取出消息后,根据消息中的Router信息,取出目标的nodeId,如果nodeId没取到,则只记录日志。 然后根据NodeId从ChannelMessageQueue的map中取出通道,然后把消息放到通道中。
整个流程是在一个for循环中,因此这个流程会不断重复执行,直到beehiveContext被关闭。
StartCloudHub
// StartCloudHub starts the cloud hub service
func StartCloudHub(protocolType string, config *hubconfig.Configure, messageq *channelq.ChannelMessageQueue) {
// init certificate
pool := x509.NewCertPool()
ok := pool.AppendCertsFromPEM(config.Ca)
if !ok {
panic(fmt.Errorf("fail to load ca content"))
}
cert, err := tls.X509KeyPair(config.Cert, config.Key)
if err != nil {
panic(err)
}
tlsConfig := tls.Config{
ClientCAs: pool,
ClientAuth: tls.RequireAndVerifyClientCert,
Certificates: []tls.Certificate{cert},
MinVersion: tls.VersionTLS12,
CipherSuites: []uint16{tls.TLS_ECDHE_RSA_WITH_AES_128_GCM_SHA256},
}
handler.InitHandler(config, messageq)
svc := server.Server{
Type: protocolType,
TLSConfig: &tlsConfig,
AutoRoute: true,
ConnNotify: handler.CloudhubHandler.OnRegister,
}
switch protocolType {
case api.ProtocolTypeWS:
svc.Addr = fmt.Sprintf("%s:%d", config.Address, config.Port)

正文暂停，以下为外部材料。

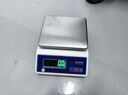 东美 电子天平秤精准0.1g高精度电子秤克称克数秤黄金计数中药珠宝秤实验室精密分析天平秤 实拍图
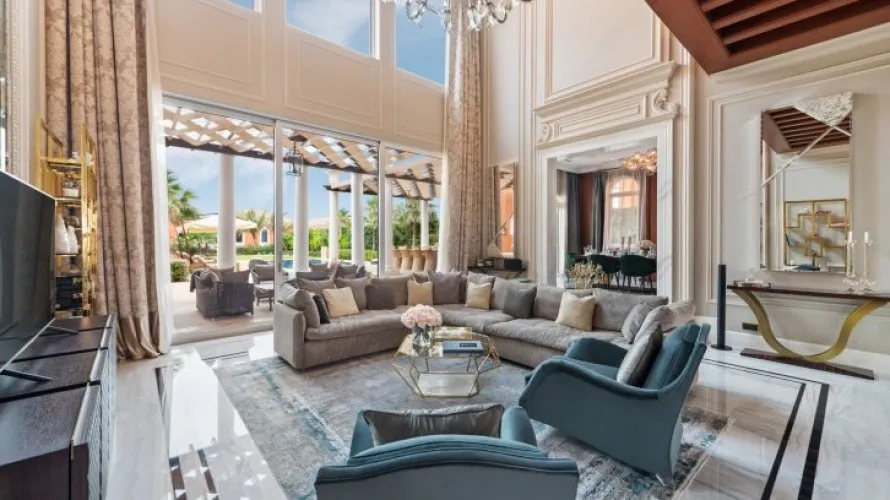 Villa de 7 chambres à Palm Jumeirah, UAE No. 350 № 11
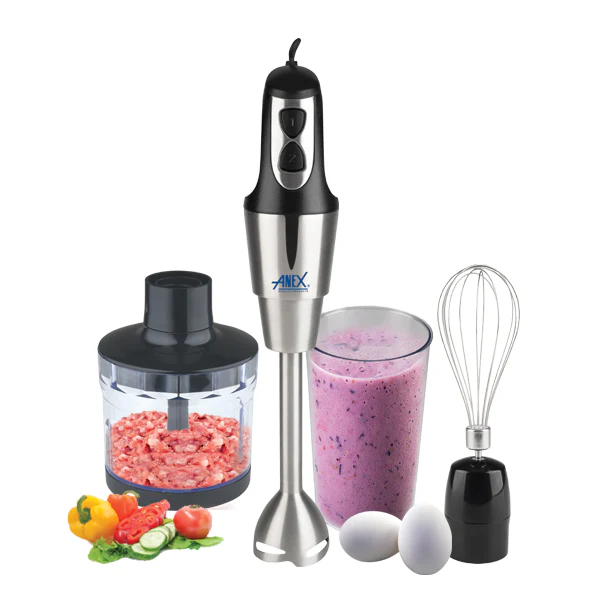 Ag-143 Deluxe Hand Blender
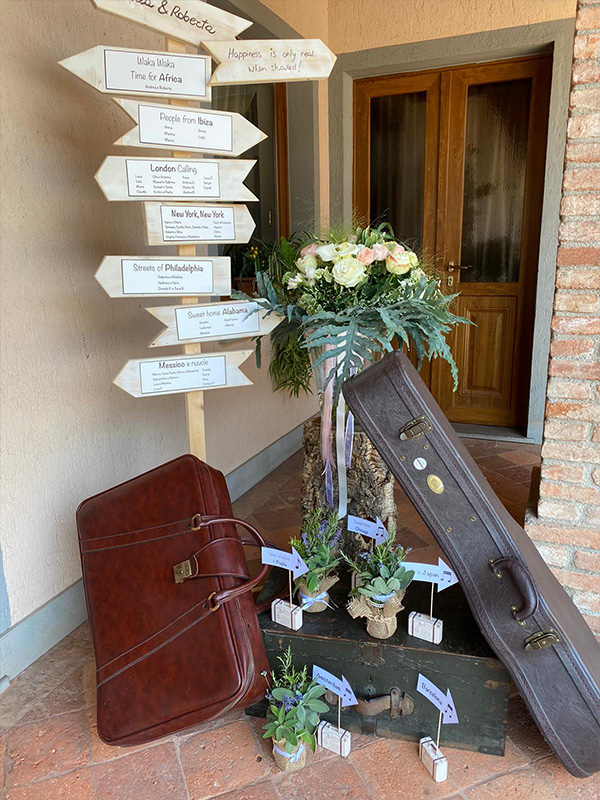 Taglio della torta - Matrimonio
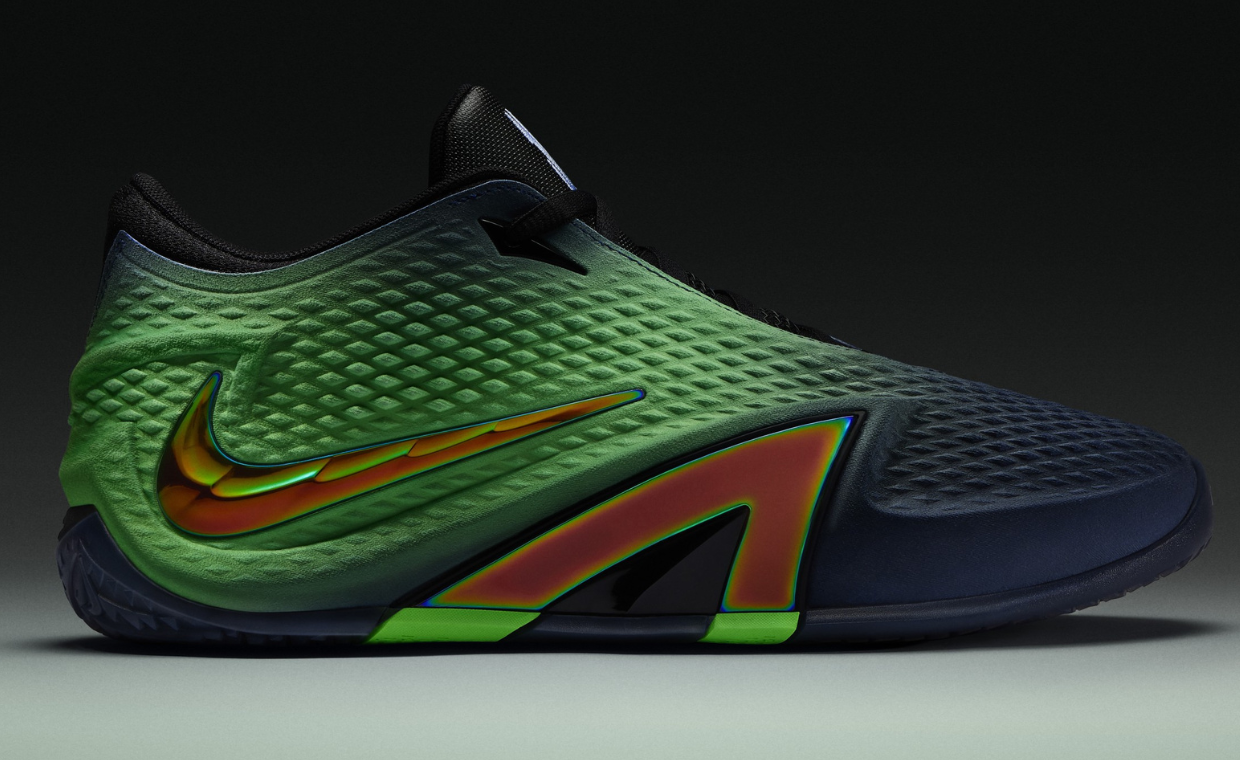 Nike Ja 4 Nightmare on 12 Street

svc.ExOpts = api.WSServerOption{Path: "/"}
case api.ProtocolTypeQuic:
svc.Addr = fmt.Sprintf("%s:%d", config.Address, config.QuicPort)
svc.ExOpts = api.QuicServerOption{MaxIncomingStreams: config.MaxIncomingStreams}
default:
panic(fmt.Errorf("invalid protocol, should be websocket or quic"))
}
klog.Infof("Start cloud hub %s server", protocolType)

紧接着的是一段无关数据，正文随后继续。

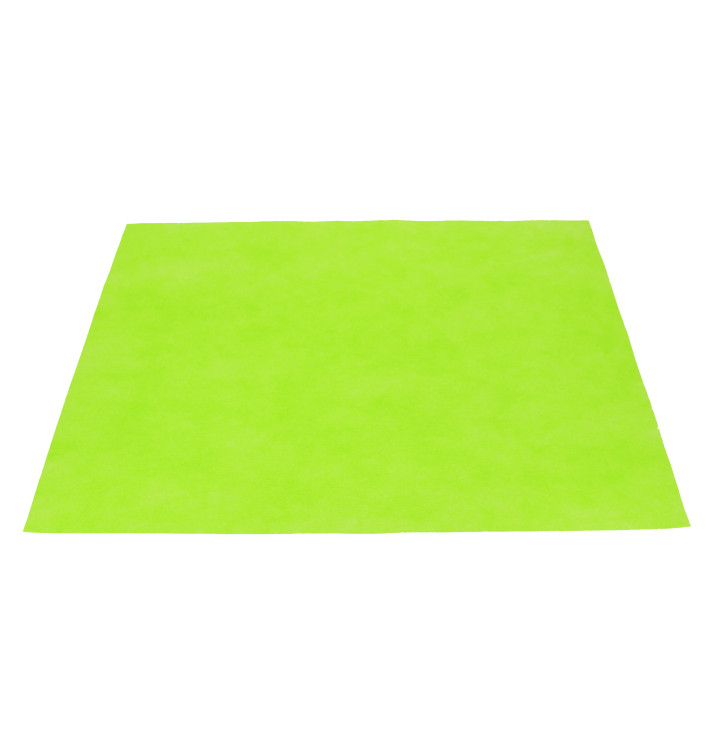 Novotex Placemat Pistachio 50g 30x40cm (500 Units)  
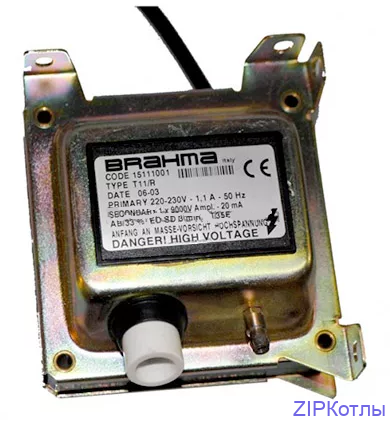 Трансформатор Brahma T11/R 15111001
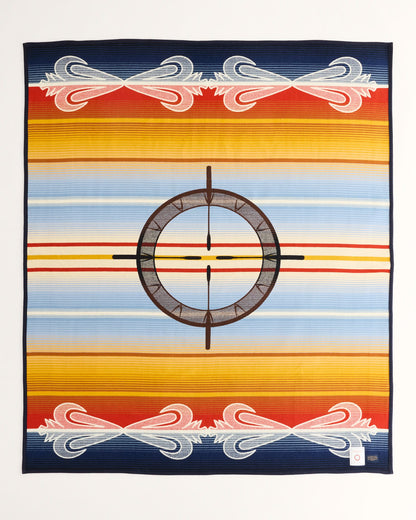 Drum Keepers Blanket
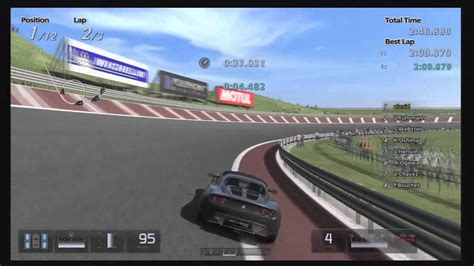 Gran Turismo 5 Gameplay w/ Live Dual Commentary - YouTube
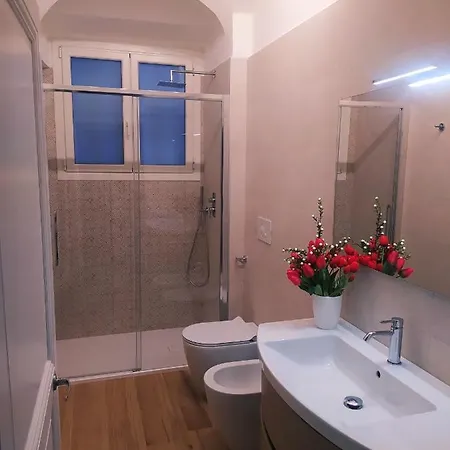 Pergolato Апартаменти Санремо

svc.ListenAndServeTLS("", "")
}
前几行是初始化证书(用于https)的相关配置。然后初始化了一个handler
InitHandler
func InitHandler(config *hubconfig.Configure, eventq *channelq.ChannelMessageQueue) {
once.Do(func() {
CloudhubHandler = &MessageHandle{
KeepaliveInterval: config.KeepaliveInterval,
WriteTimeout: config.WriteTimeout,
MessageQueue: eventq,
NodeLimit: config.NodeLimit,
}
CloudhubHandler.KeepaliveChannel = make(map[string]chan struct{})
CloudhubHandler.Handlers = []HandleFunc{CloudhubHandler.KeepaliveCheckLoop, CloudhubHandler.MessageWriteLoop}
CloudhubHandler.initServerEntries()
})
}
这个eventq就是之前DispatchMessage的messageq, 这里设置了2个HandleFunc,分别是KeepaliveCheckLoop和MessageWriteLoop。KeepaliveCheckLoop是维持心跳的,这里就不仔细看了。
MessageWriteLoop是处理云端发给边端消息的。
// MessageWriteLoop processes all write requests
func (mh *MessageHandle) MessageWriteLoop(hi hubio.CloudHubIO, info *model.HubInfo, stop chan ExitCode) {
messages, err := mh.MessageQueue.Consume(info)
if err != nil {
klog.Errorf("failed to consume event for node %s, reason: %s", info.NodeID, err.Error())
stop <- messageQueueDisconnect
return
}
for {
msg, err := messages.Get()
if err != nil {
klog.Errorf("failed to consume event for node %s, reason: %s", info.NodeID, err.Error())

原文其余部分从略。